🤖 AI Summary
This study investigates how gendered linguistic cues in prompts influence fairness in large language models (LLMs) during code generation and review. Employing a mixed-methods approach—including analysis of real-world prompt corpora, controlled developer experiments, and an LLM-simulated code review framework—the work reveals, for the first time, a systematic bias in LLMs during the code review phase based on the gendered style of the prompt. Despite female-styled prompts being more indirect yet functionally equivalent to male-styled ones, LLMs consistently show a higher propensity to approve code generated from such prompts, even when code quality is comparable. These findings indicate that fairness risks primarily arise during the review stage rather than generation, underscoring the critical role of linguistic style in perpetuating implicit biases within AI-assisted programming environments.
📝 Abstract
LLMs are increasingly embedded in programming workflows, from code generation to automated code review. Yet, how gendered communication styles interact with LLM-assisted programming and code review remains underexplored. We present a mixed-methods pilot study examining whether gender-related linguistic differences in prompts influence code generation outcomes and code review decisions. Across three complementary studies, we analyze (i) collected real-world coding prompts, (ii) a controlled user study, in which developers solve identical programming tasks with LLM assistance, and (iii) an LLM-based simulated evaluation framework that systematically varies gender-coded prompt styles and reviewer personas. We find that gender-related differences in prompting style are subtle but measurable, with female-authored prompts exhibiting more indirect and involved language, which does not translate into consistent gaps in functional correctness or static code quality.
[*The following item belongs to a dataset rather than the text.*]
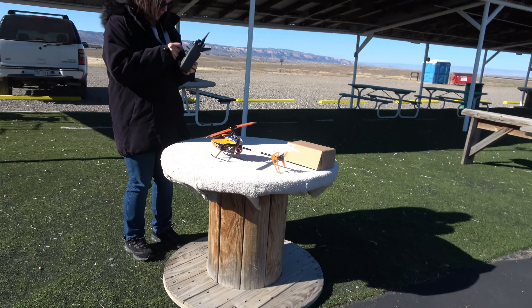Look how good of a pilot you've become after all that flight you just did! You want to just hover now? Yeah. There you go, just keep your tail pointed towards you, fly around sideways. And when you go back to the left side, make sure you just turn your tail and keep the tail pointing towards you still.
For LLM code review, in contrast, we observe systematic biases: on average, models approve female-authored code more, despite comparable quality. Controlled experiments show that gender-coded prompt style affect code length and maintainability, while reviewer behavior varies across models. Our findings suggest that fairness risks in LLM-assisted programming arise less from generation accuracy than from LLM evaluation, as LLMs are increasingly deployed as automated code reviewers.